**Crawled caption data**
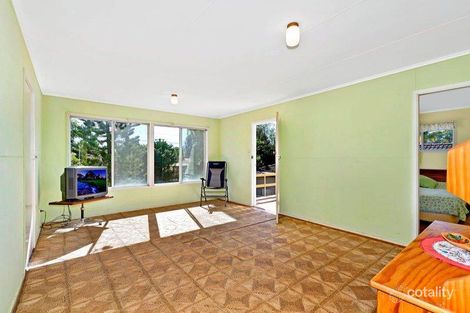Property photo of 40 Shamrock Drive Berkeley Vale NSW 2261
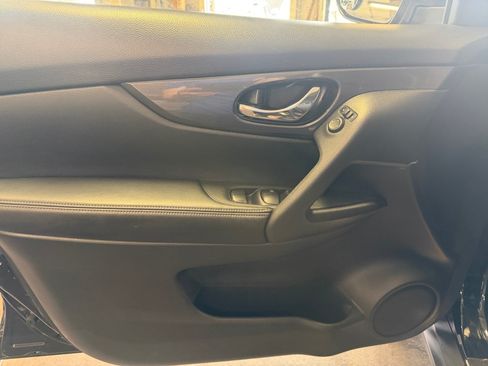 Used 2017 Nissan Rogue S w/ S Appearance Package AWD/4WD image 36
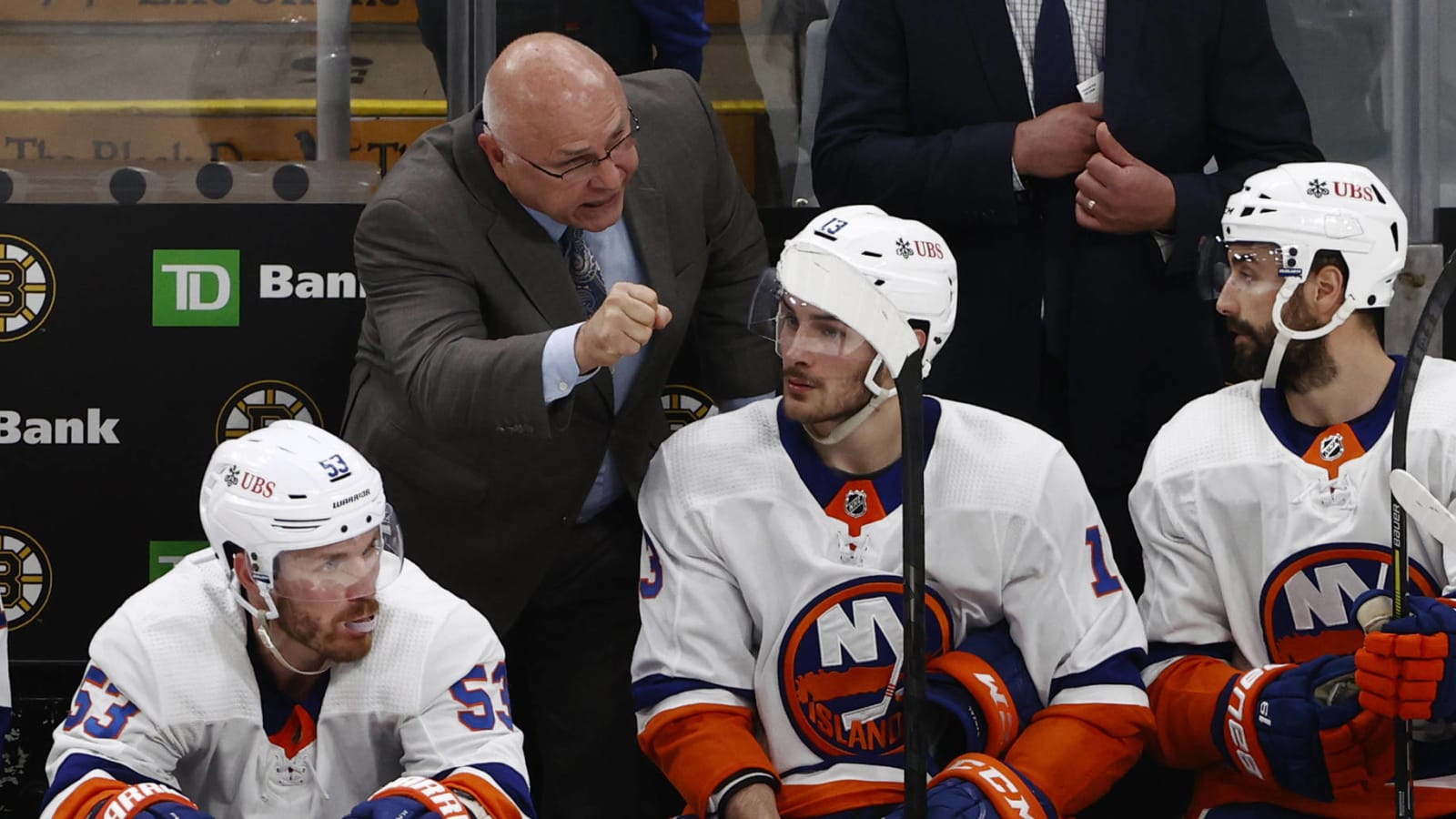 Islanders' Trotz talks missed too-many-men call on Lightning goal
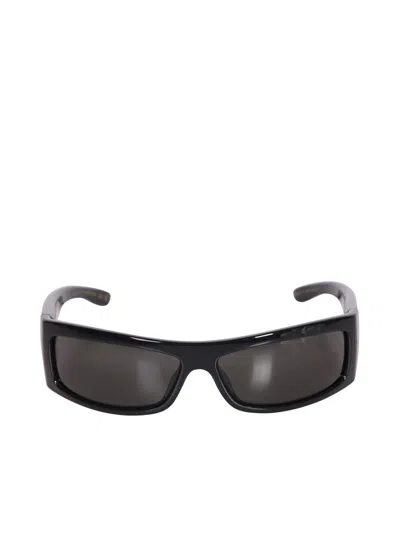 Shop Gucci Sunglasses In Black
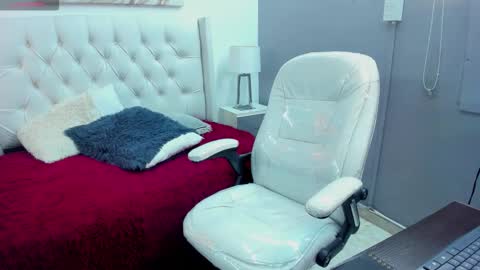 Snapshot of wildthor26 chatting on February 2026 04:52:02 AM wild online show from February 2026 04:52:02 AM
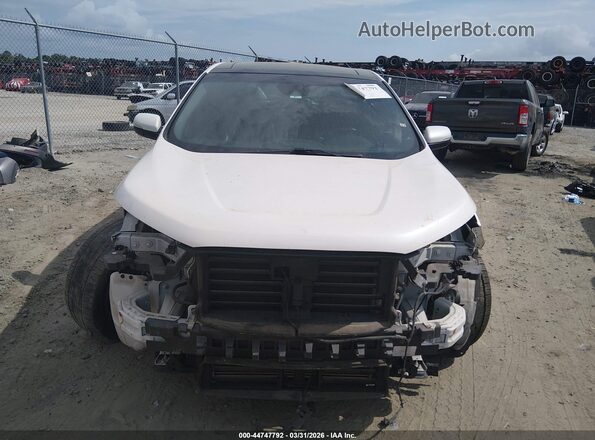 2FMPK4AP4KBB45888 2019 FORD EDGE White Widok wnętrza z tyłu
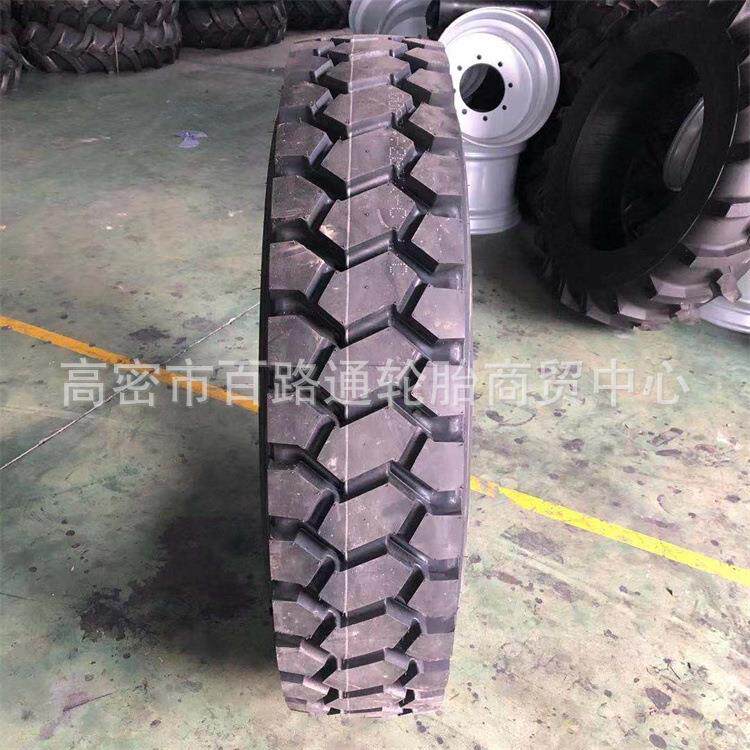 1200R24 矿花宽体自卸车轮胎花纹加深耐磨防扎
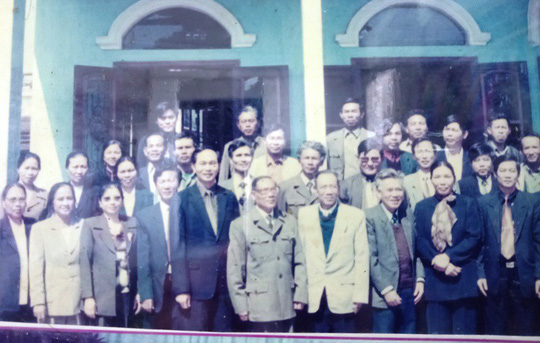 Bức ảnh quý Chủ tịch nước Trần Đại Quang chụp với các thầy cô giáo và những bạn học cùng lớp tại Trường THPT Kim Sơn B (trong đó có thầy giáo chủ nhiệm hồi cấp 3 Lê Kim Toàn)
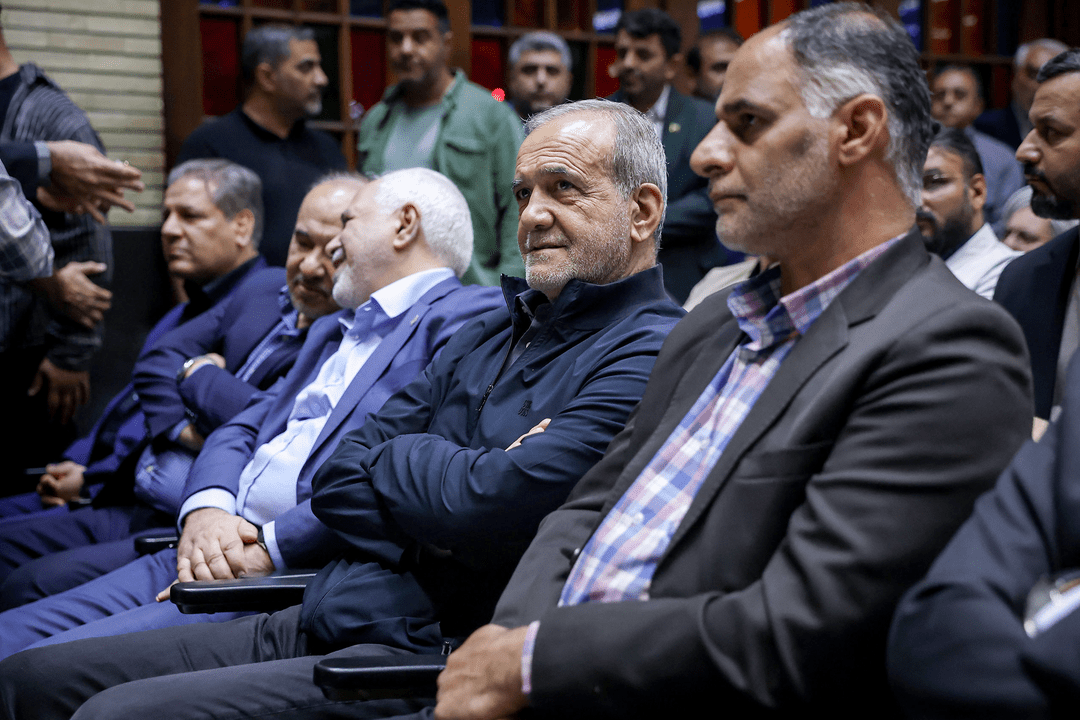 گزارش تصویری مراسم یادبود مرحوم احمد ناطق نوری
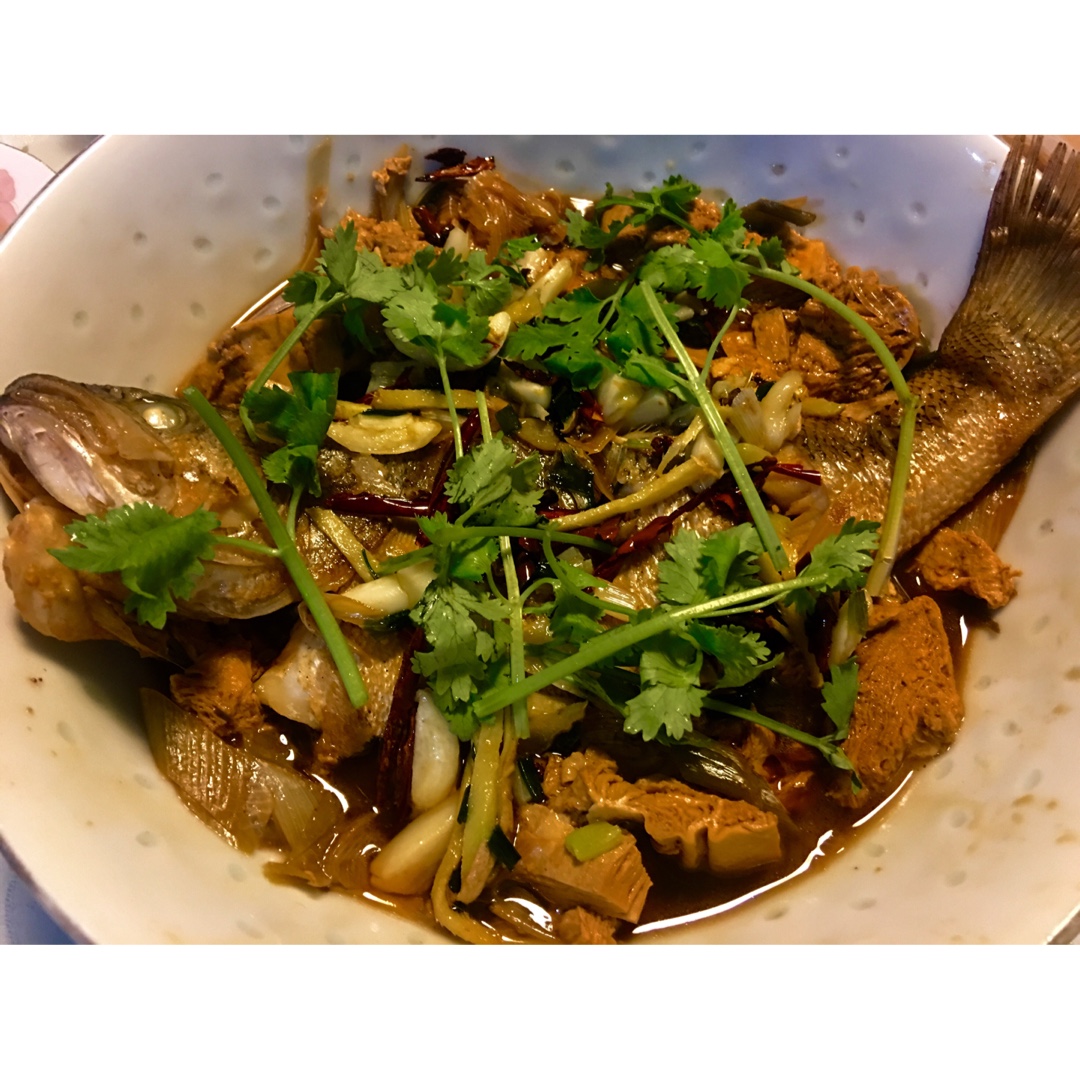 红烧鲈鱼焖豆腐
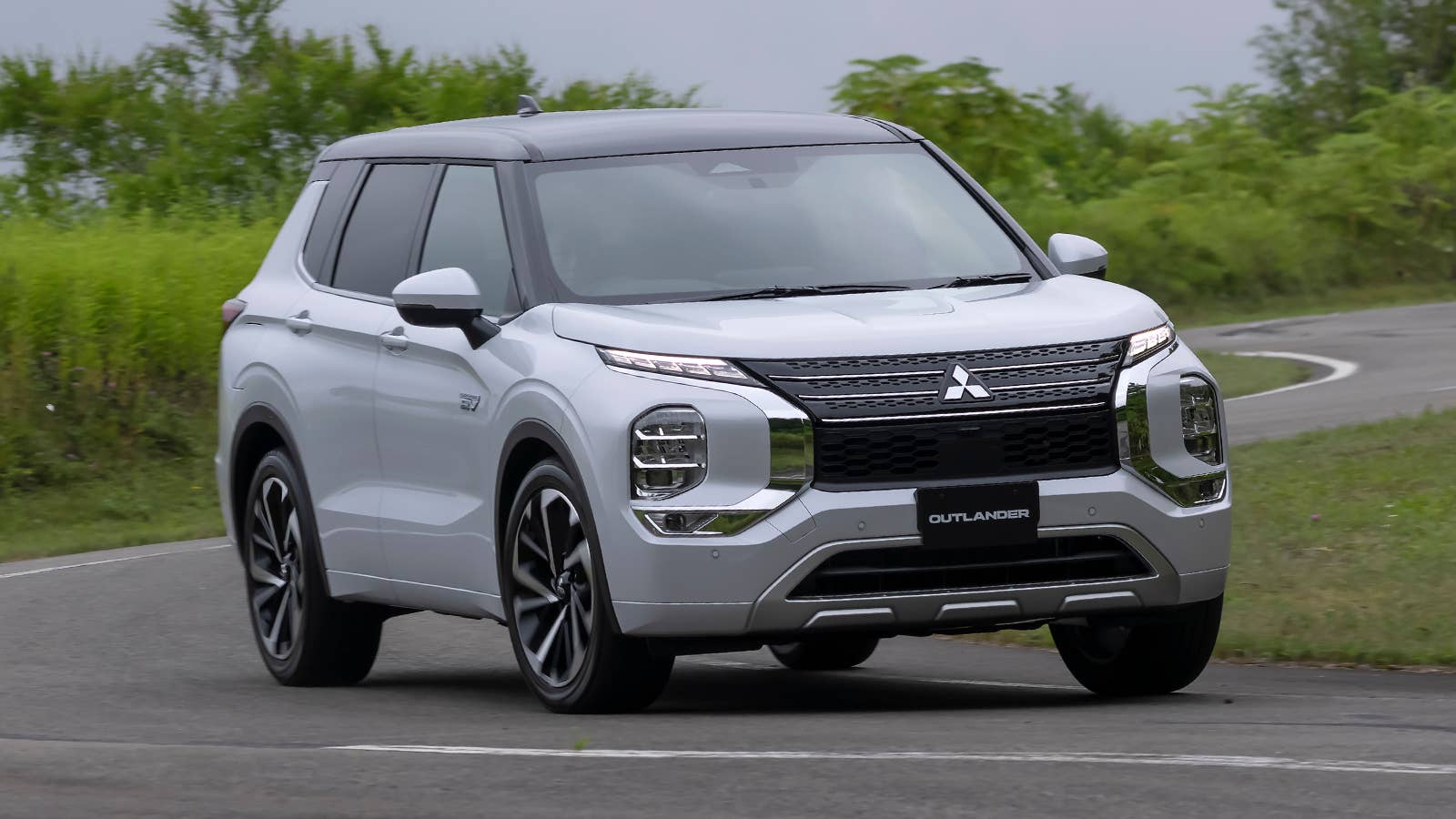 2023 Mitsubishi Outlander PHEV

**Problem requirements**
Leaving out the pictures, please transcribe exactly the lines from the one that holds "Snapshot of wildthor26" through the last line of the entries above, both included.

**Solution to this task**
 Snapshot of wildthor26 chatting on February 2026 04:52:02 AM wild online show from February 2026 04:52:02 AM
 2FMPK4AP4KBB45888 2019 FORD EDGE White Widok wnętrza z tyłu
 1200R24 矿花宽体自卸车轮胎花纹加深耐磨防扎
 Bức ảnh quý Chủ tịch nước Trần Đại Quang chụp với các thầy cô giáo và những bạn học cùng lớp tại Trường THPT Kim Sơn B (trong đó có thầy giáo chủ nhiệm hồi cấp 3 Lê Kim Toàn)
 گزارش تصویری مراسم یادبود مرحوم احمد ناطق نوری
 红烧鲈鱼焖豆腐
 2023 Mitsubishi Outlander PHEV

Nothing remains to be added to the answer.